◆ Task description: The answer must be every record below, reproduced exactly.

---------- Data for the task

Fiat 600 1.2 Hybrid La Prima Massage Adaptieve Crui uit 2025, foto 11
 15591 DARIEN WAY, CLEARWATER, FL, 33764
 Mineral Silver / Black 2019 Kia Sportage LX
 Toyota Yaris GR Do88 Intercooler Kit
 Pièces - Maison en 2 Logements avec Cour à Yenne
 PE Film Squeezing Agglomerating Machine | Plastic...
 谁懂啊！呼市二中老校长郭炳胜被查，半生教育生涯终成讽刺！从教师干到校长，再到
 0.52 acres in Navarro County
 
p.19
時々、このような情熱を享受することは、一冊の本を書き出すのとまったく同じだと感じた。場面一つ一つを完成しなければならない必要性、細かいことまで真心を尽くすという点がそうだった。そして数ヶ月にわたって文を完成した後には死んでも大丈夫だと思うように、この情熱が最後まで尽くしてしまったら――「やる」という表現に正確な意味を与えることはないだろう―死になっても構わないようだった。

--------------------

◆ Exercise response:
Fiat 600 1.2 Hybrid La Prima Massage Adaptieve Crui uit 2025, foto 11
 15591 DARIEN WAY, CLEARWATER, FL, 33764
 Mineral Silver / Black 2019 Kia Sportage LX
 Toyota Yaris GR Do88 Intercooler Kit
 Pièces - Maison en 2 Logements avec Cour à Yenne
 PE Film Squeezing Agglomerating Machine | Plastic...
 谁懂啊！呼市二中老校长郭炳胜被查，半生教育生涯终成讽刺！从教师干到校长，再到
 0.52 acres in Navarro County
 
p.19
時々、このような情熱を享受することは、一冊の本を書き出すのとまったく同じだと感じた。場面一つ一つを完成しなければならない必要性、細かいことまで真心を尽くすという点がそうだった。そして数ヶ月にわたって文を完成した後には死んでも大丈夫だと思うように、この情熱が最後まで尽くしてしまったら――「やる」という表現に正確な意味を与えることはないだろう―死になっても構わないようだった。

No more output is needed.